Monday, November 14, 2011

Quilts (?)

On Sunday I went to a show at the Berkeley Art Center called, "Paper Quilt Project: Collaborations in Contemporary Craft."  The place was almost empty, and I had a good, long look.

Now, I am what is called a traditional quilter.  I work with fabric, in a pattern based on a grid, and the finished quilt has a back, a front, and batting all sewn together.  The whole works can be thrown on a bed. Or a wall.

The quilts on display were contemporary interpretations of quilts.  They were made of paper, fabric, collage, lace, gouache, graphite, photographs, pastel, mica, colored pencil, masking tape, and/or gold leaf.  Back, front, and batting not required.  A departure from traditional quilting, yes, but I was game.

Game, but edgy.

I liked a lot of the pieces, even one that consisted of a video projected onto the back of a old, beat-up quilt:  Quilt as Screen.  The video showed a boy and then a man, wandering around with another quilt wrapped around them.  As a conceptual piece, it worked.  As a quilt, per se, no.  According to me.

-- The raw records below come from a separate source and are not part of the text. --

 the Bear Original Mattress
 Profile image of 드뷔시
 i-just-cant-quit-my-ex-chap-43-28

In the little booklet about the show ($3), I read this:  "Aside from being an inviting, warm and humble medium, the quilt has an intrinsic capacity to connect people...this uniquely democratic folk art."    It's humble I have a problem;  I completely buy into "democratic."  People who didn't go to art school can make art with fabric and a sewing machine and batting.  Do we need quilting to be elevated via new materials and methods into something more than "warm and humble"?  Can't  we call this new species of collaborative art "collage," or "works on paper," or "mixed media,"? Leave quilting alone, I want to say.   Let it be.  And while you're at it, take a good long look at the Gees Bend and the Amish quilts.  Their makers may have been humble, but they needed no more than thread and fabric to make art.

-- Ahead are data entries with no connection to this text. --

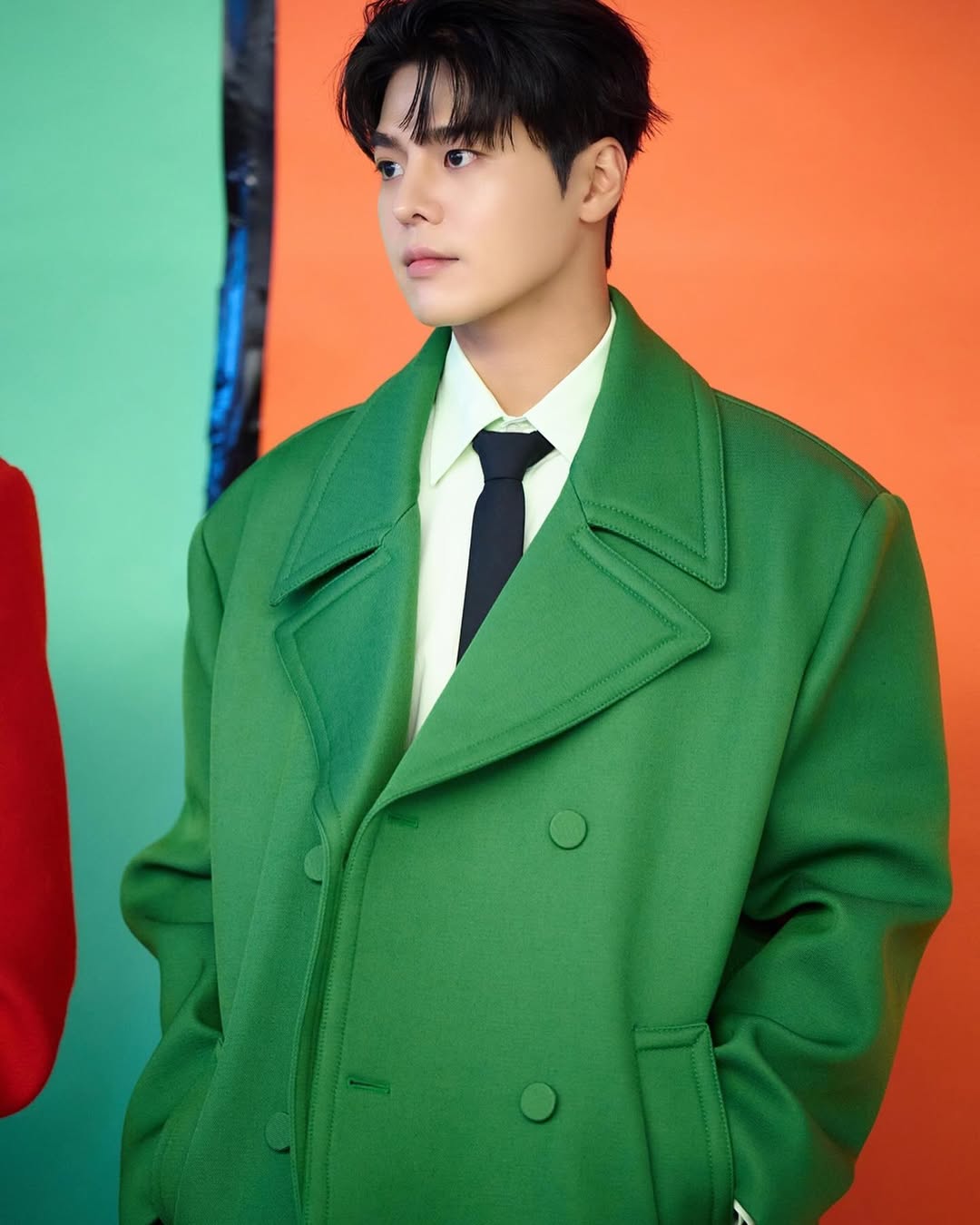 Ryeo Un public/images/actor/images/Ryeo-Un-6172.jpeg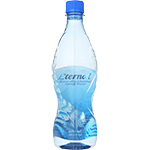 Eternal Artesian Water 600ml Liter Naturally Alkaline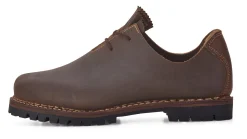 Haferlschuh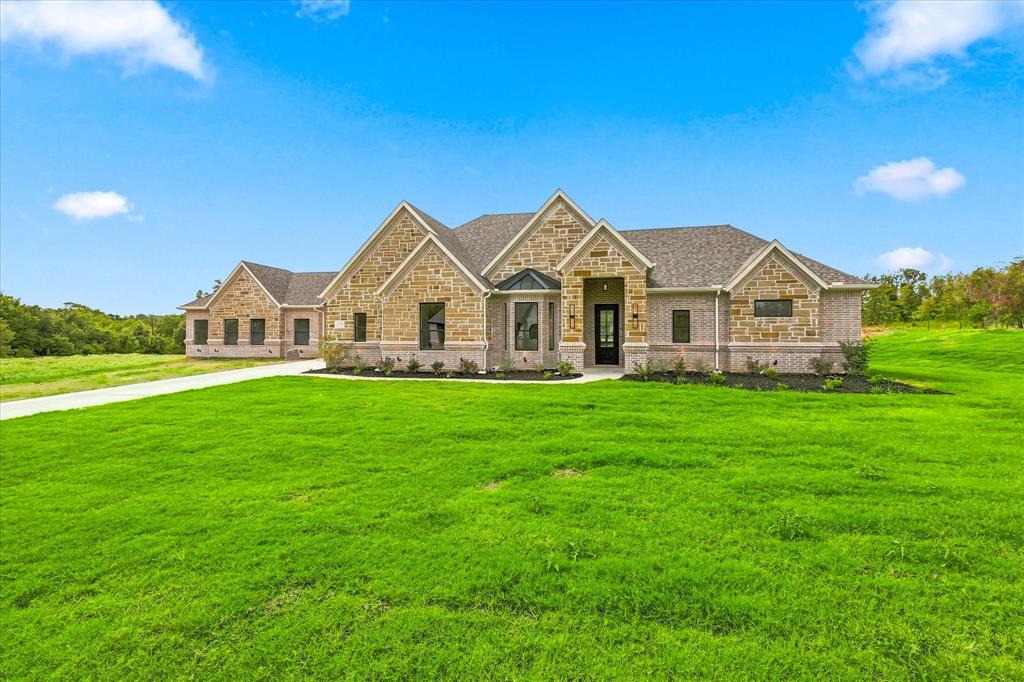 1005 Andy Ranch Court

Tammy Rae Carland & Allison Smith
Unititled (Sears Roebuck catalog), 2011 (detail)
digital inkjet print on hand-sewn paper

This piece had squares and lattice but was an utterly flat representation of a traditional quilt.  My questions were "why?" and "what's new"?


1 comment:

Bearflag said...

What part of quilt don't these jokers get? Dictionary says that word derives from old French for mattress, has nothing to do with sticking a bunch of crap together. As dear Gladys says, one might call a tuna sandwich a quilt and probably with more justification! Harrumph.